Mike Finucane wrote:
In reply to:
Because Wikipedia is free as in freedom. Your pictures are not free (though apparently they are gratis); you are limiting who can
distribute
them. Please re-evaluate contributing to Wikipedia if you are unwilling to support freedom.
My answer is that I do not see how enriching private corporations furthers freedom. My pictures are indeed gratis. The only objection I have is to allowing others to make profits from my work.
There is a German company who, now for the third time, sells a copy of the German Wikipedia on DVD. They sell it for €9,90 and make little profit of that (last time they gave €1 per DVD sold to Wikimedia). Mostly, it is a PR thing, as well as the ability to offer a current encyclopedia (they usually specialize in public domain texts on CD).
We have the encyclopedia. They have the software and the infrastructure to distribute it on DVD. The end user has the ability to buy a good encyclopedia on DVD for a decent price.
You can not honestly tell me that the above is a bad thing. In fact, many German wikipedians, myself included, have actively helped that company to get these DVDs ready, as unpaid volunteers, because it is a good thing.
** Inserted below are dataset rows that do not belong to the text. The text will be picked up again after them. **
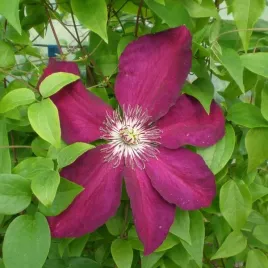 clematis-niobe-wielkokwiatowy-poj-4l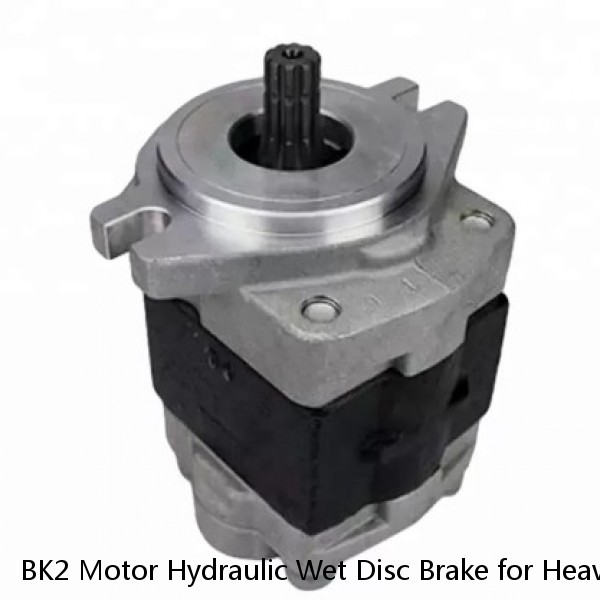 BK2 Motor Hydraulic Wet Disc Brake for Heavy Duty Machinery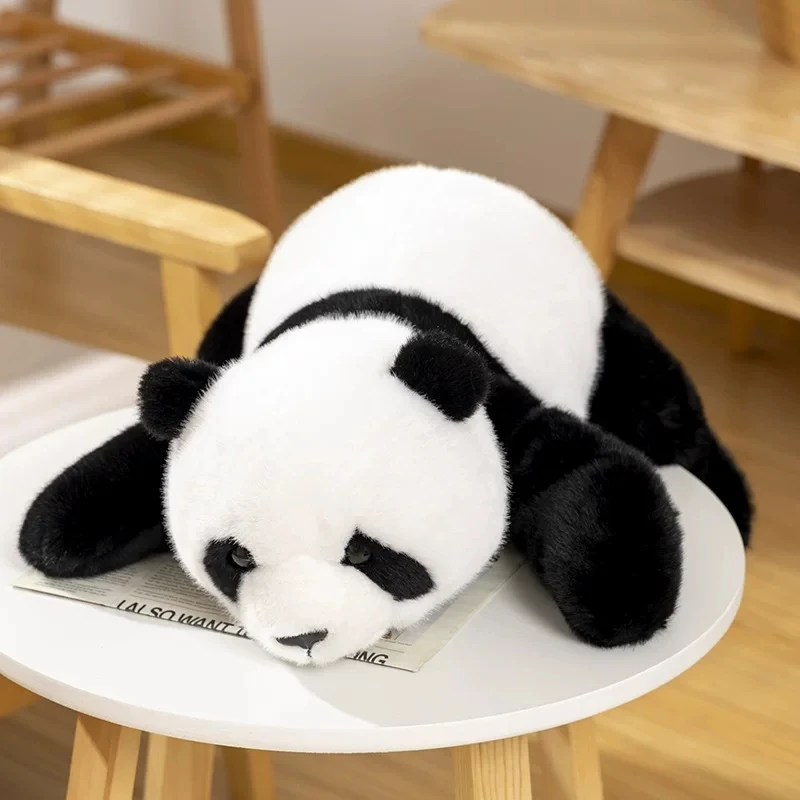Realistiskt och sött panda gosedjur på 30 cm, viktat och mjukt för kramar och sällskap 6 Realistiskt och sött panda gosedjur på 30 cm, viktat och mjukt för kramar och sällskap - Bild 6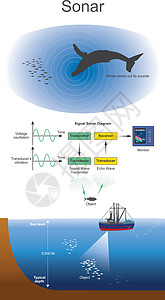 鱼趣图声纳系统导航和测距设计图片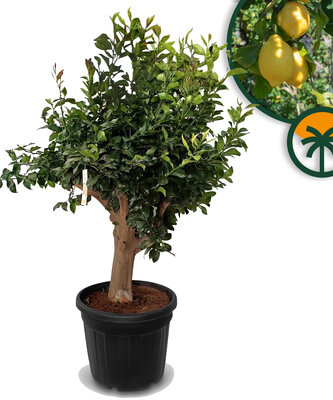 Zitrusbaum - Zitronenbaum Größe XXL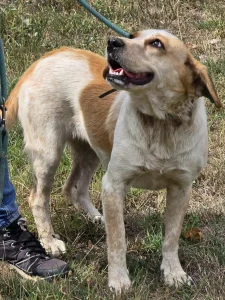 Tutti <3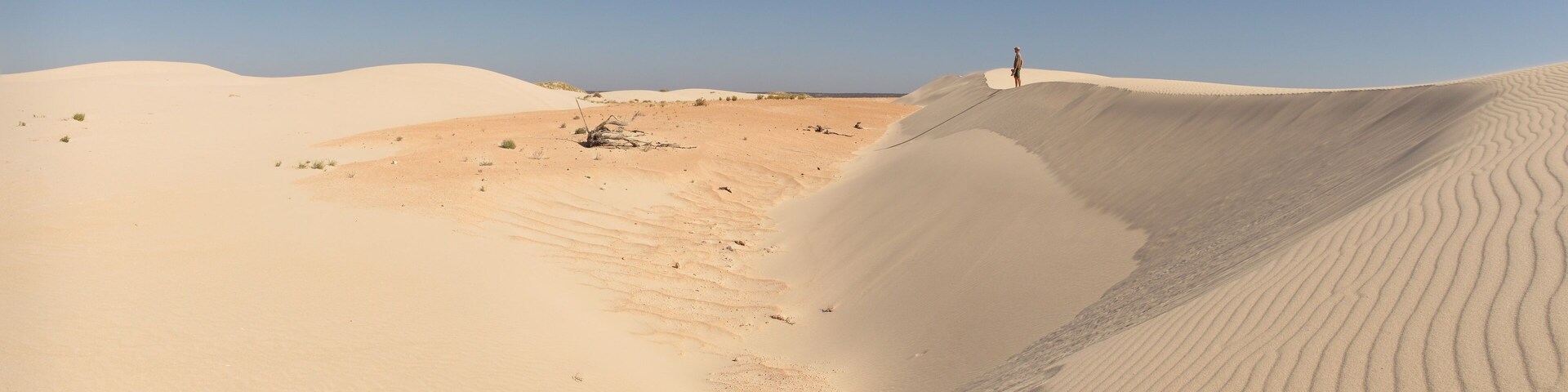 dramatic eucla sand dunes, western australia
However, your images would have to be excluded from such a DVD.
Face it: Noone will become insanely rich by selling images from Wikipedia, yours or other people's. And even if one or the other image turns up in some high-quality production, GFDL or CC-BY-SA make sure they'll have to credit the author, which would mean free advertising for you.
On the other hand, there is a market for low-priced works, encyclopedia, wikibook, wiki-reader or whatever, that will extend the range of people we can reach to those whithout (permanent) internet access. If someone provides, say, printed wikipedia editions, and charges his printing costs plus a few bucks to keep his business afloat, so what? Would you go to peolpe who would buy such a printed edition, or who would be given one by some organisation that buys them, ans say "sorry, folks, you could have had an encyclopedia, but someone would have made $5 of it, and that's unacceptable"?
I, for one, will keep co-licensing my pictures under GFDL and CC-BY-SA, so *our readers* can (hopefully) profit from them. Truth is, noone would by my pictures anyway. So if someome manages to sell them, lucky him. I don't mind.